Epithelial-myoepithelial carcinomas of the bronchus.

Epithelial-myoepithelial carcinomas are very rare in the lung, and little is known about the relationship of their histologic features to prognosis. We describe five primary pulmonary epithelial-myoepithelial carcinomas with details on clinical presentation, histology, and immunohistochemical profiles. We also reviewed the literature to detail further their prognosis. The patients' ages ranged from 33 to 57 years (average 51 years).
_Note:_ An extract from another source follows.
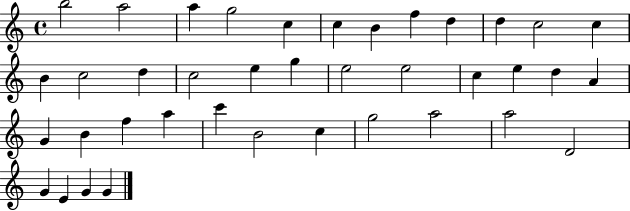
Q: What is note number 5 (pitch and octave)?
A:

The tumors were all endobronchial and the patients presented with symptoms or imaging features of airway obstruction. The tumors were completely resected; none showed nodal involvement. All five patients are alive and free of disease 4 months to 8 years (average 4.2 years) after surgery. Four tumors showed a mixed pattern of glands lined by a dual layer of cells and solid sheets of either spindle cells or clear cells, the glandular and solid components being present in variable proportions. The fifth tumor comprised purely spindle cells. The mitotic rate was <1/20 high power fields in both the glandular and spindle/clear cell components In one case there was focal nuclear pleomorphism. The inner layer of the glands stained for cytokeratins and epithelial membrane antigen, and the outer layer for S-100 and smooth muscle actin. In one case the spindle cells stained for CD34. A review of published cases shows the majority of tumors behave in an indolent fashion, the rare aggressive tumors being predominantly myoepitheliomatous. Nevertheless. the term epithelial-myoepithelial carcinoma is preferred because of their malignant potential. A high mitotic rate, tumoral necrosis, and nuclear pleomorphism appear to be adverse prognostic factors.